McCarthy also announced a new missing soldier protocols. The new Army policy will change how commanders deal with missing soldiers, requiring them to list service members as absent-unknown for up to 48 hours and to do everything they can to locate the service members to determine if their absence is voluntary or not before declaring anyone AWOL, or absent without leave.
The directive includes additional guidance for commanders and law enforcement on steps to classify Soldiers as deserters.
The Army is also opening a separate AR 15-6 investigation into the resourcing, policies and procedures of the 6th Military Police Group (Criminal Investigation Command). Woven into the report are recommendations for squad leaders.
The FHIRC found that Fort Hood’s Criminal Investigation Command (CID) detachment was under-experienced and over-assigned, factors which adversely impacted investigations of sex crimes and Soldier deaths.
Officials said they spoke to the Guillen family and would fix the issues that led to Vanessa's death, and hold leadership accountable.
Natalie Khawam, the lawyer for the Guillen family, released the following quote:
We support the Army’s decision to take swift action in investigating what happened to Vanessa Guillen including terminating and suspending several people in leadership this morning who failed to protect our soldiers. This action is a step in the right direction and highlights the fact that Gen McConville is taking accountability, overhauling Fort Hood, and implementing new policies and procedures so what happened to Vanessa Guillen never happens again.
The independent review, which was directed by Secretary McCarthy, arose from the questions and concerns voiced by family members, Congress, and various Hispanic advocacy groups during the investigation into the disappearance and murder of Spc. Vanessa Guillén.
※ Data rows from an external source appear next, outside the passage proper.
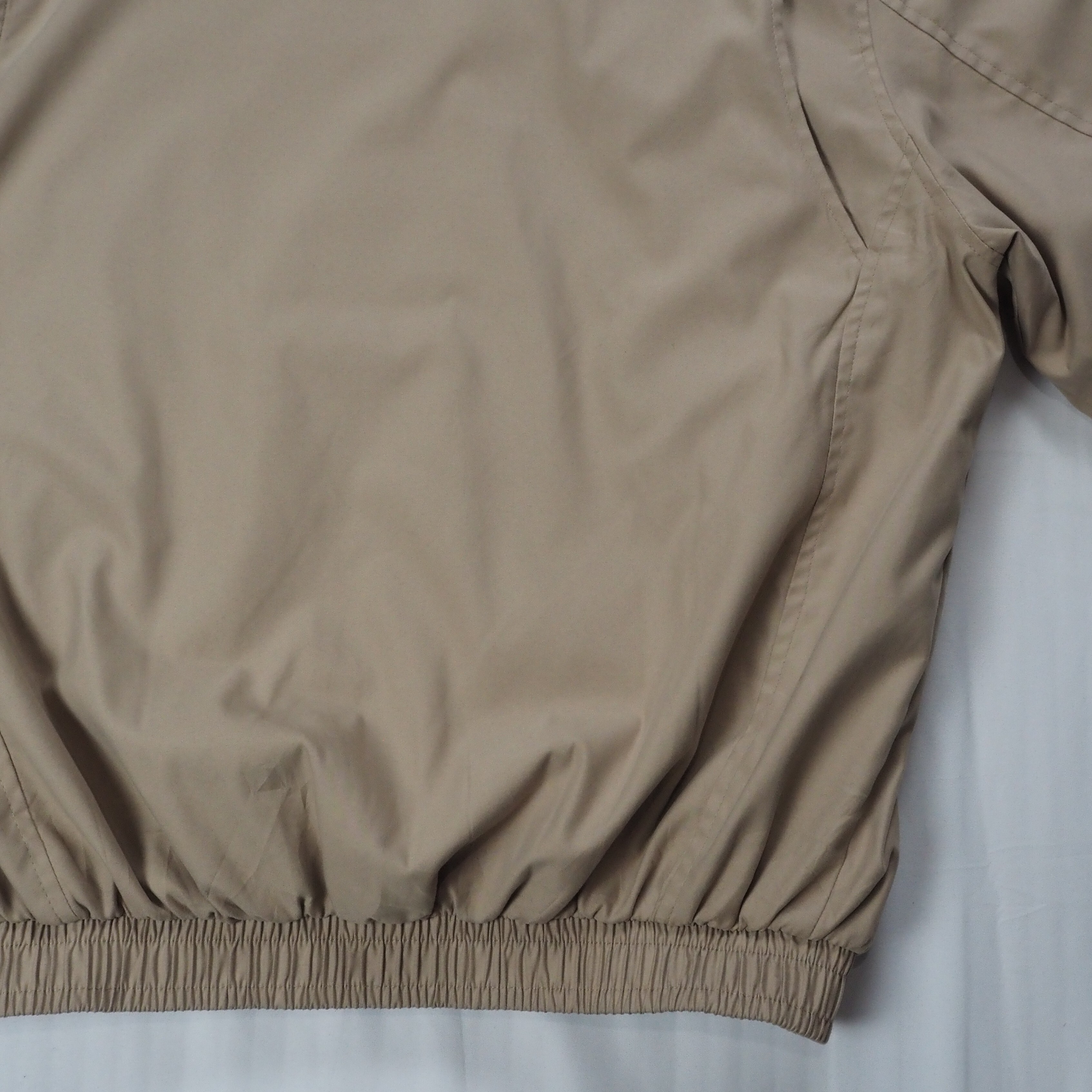90's Ralph Lauren スイングトップ ベージュ Sサイズ の画像 18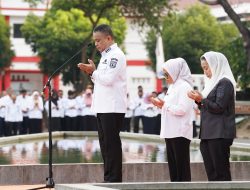 Wali Kota Palu, H. Hadianto Rasyid Pimpim Langsung Apel Akbar Bersama Seluruh ASN.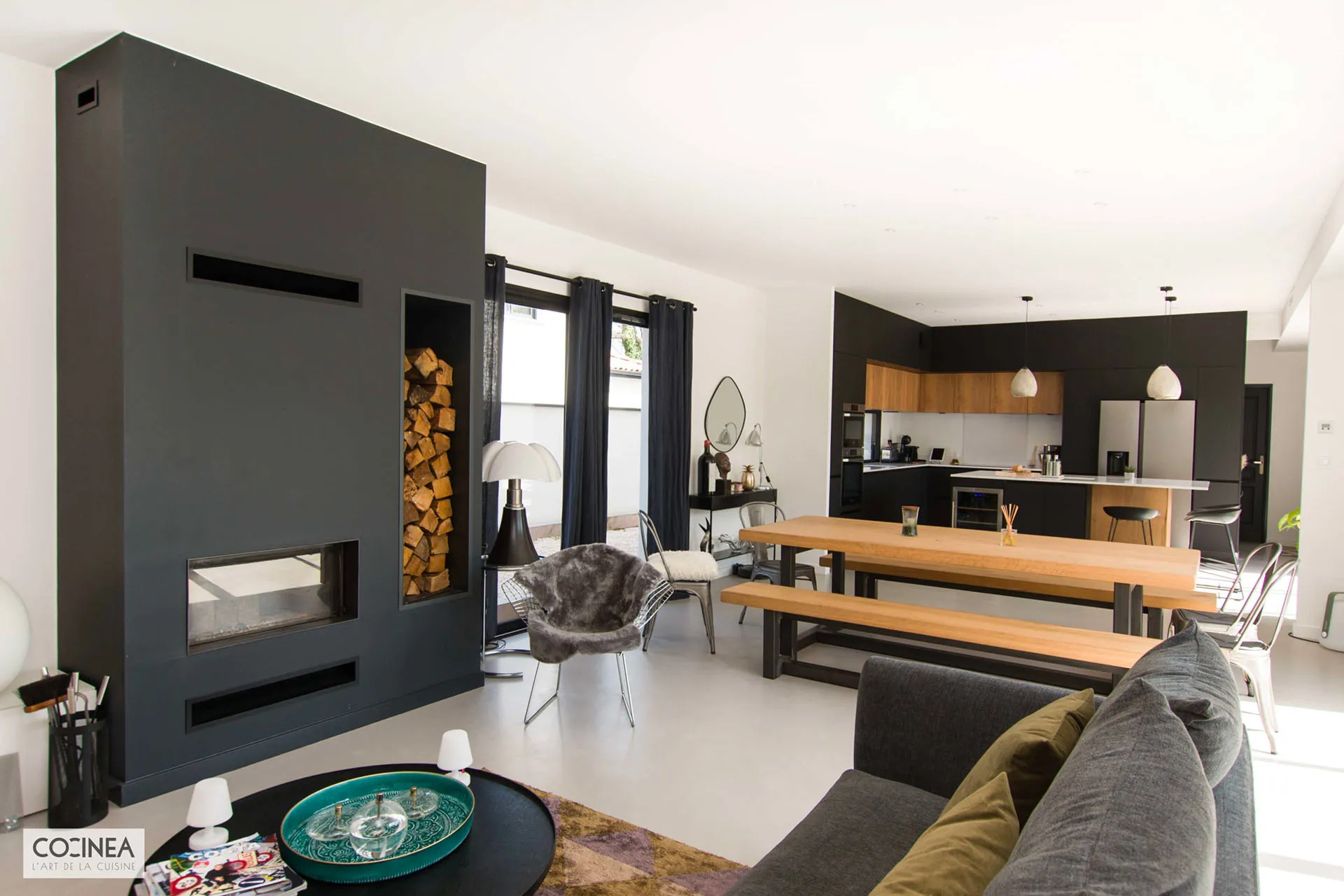 Cuisine allemande HÄCKER Systemat signée Cocinea – Élégance et fonctionnalité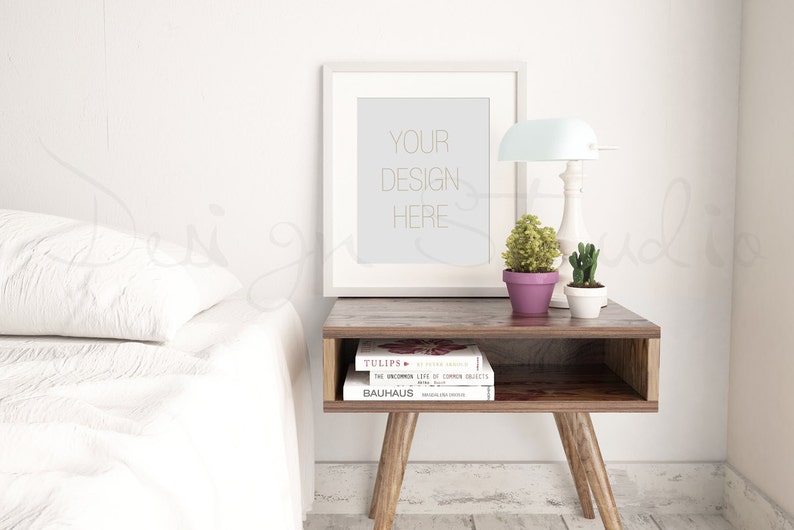 Styled Stock Photography, Frame Mockup, Bedroom interior photo , Styled Photography , stock photo , background image image 3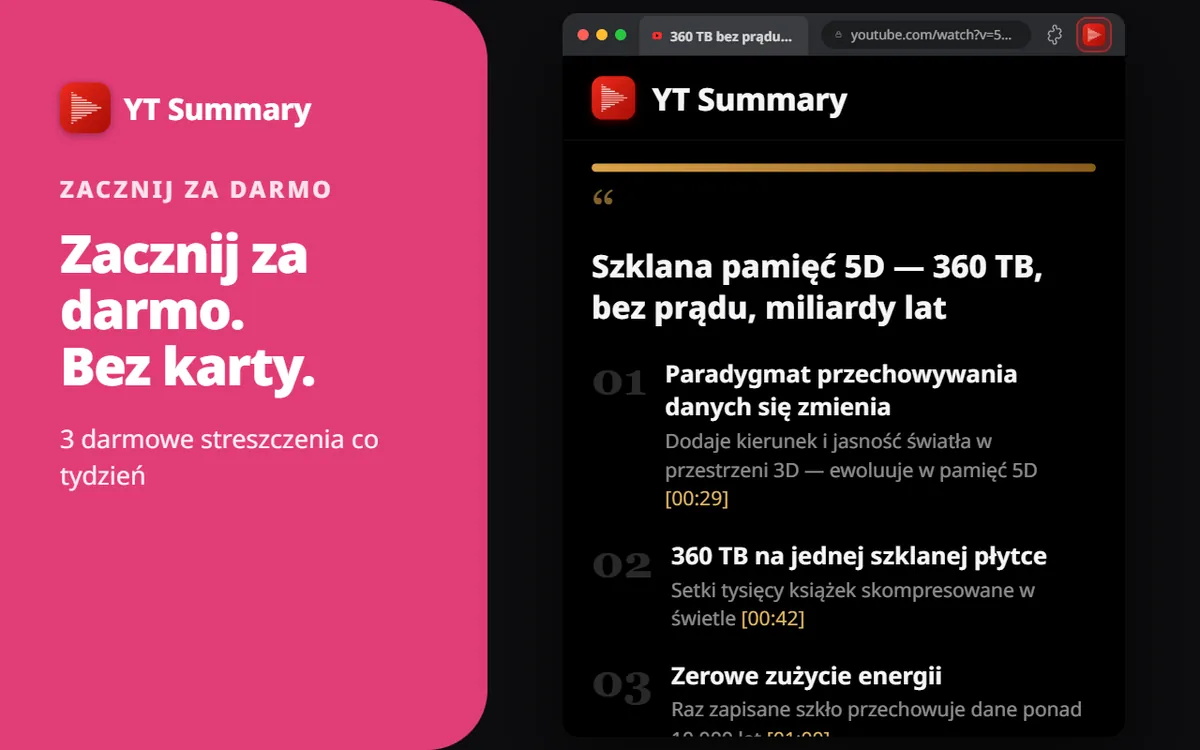 Zacznij za darmo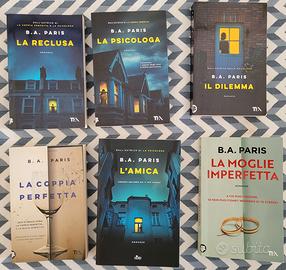 Libri di B. A. PARIS più altri di Autori vari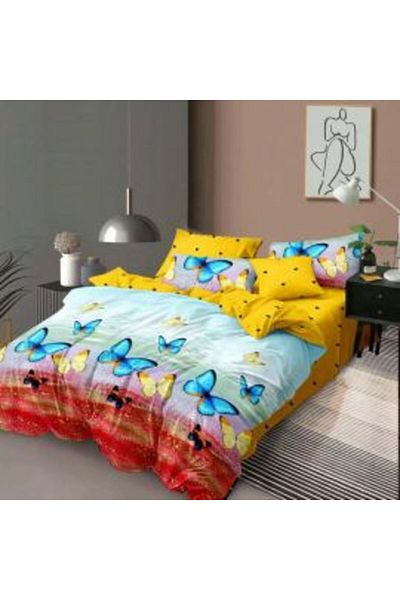 Ralex Economic package double bed linen Finet 6 pieces + 2 quilted pillows 50 x 70 cm + quilt 200 x 215 cm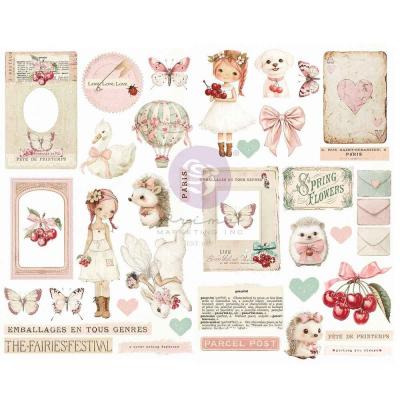 Prima Marketing Cherry Sweet - Chipboard Stickers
The committee visited Fort Hood from Aug. 30 to Sept. 15. The full review can be found here.
Jack White said he spoke to the Guillen family and he believes the family is pleased with the fact that progress is being made.
Guillen, 20, was bludgeoned to death at Fort Hood by Spc. Aaron Robinson, who shot himself in the head on July 1 as police were trying to take him into custody. The soldier was missing for months before her remains were found.
In a recent video message on Twitter, McCarthy said he had reviewed the findings of the independent commission he sent to assess the command climate at Fort Hood. He added, “Leaders, regardless of rank, are accountable for what happens in their units and must have the courage to speak up and intervene when they recognize actions that bring harm to our soldiers and to the integrity of our institution.”
Guillen was murdered on base on April 22, 2020, and her death has led to several reforms and reviews at Fort Hood.
Her case wasn't the only sign of trouble at Fort Hood. Between January and late October, the Intercept reports that there were 28 deaths on the base, including five homicides and eight suicides.
Fort Hood recently announced the construction of a memorial gate in honor of Guillen.
A separate investigation into Fort Hood's leadership and the handling of claims that Guillen was sexually harassed, which is being lead by Gen. Murray, is still ongoing and is set to be released at a later date.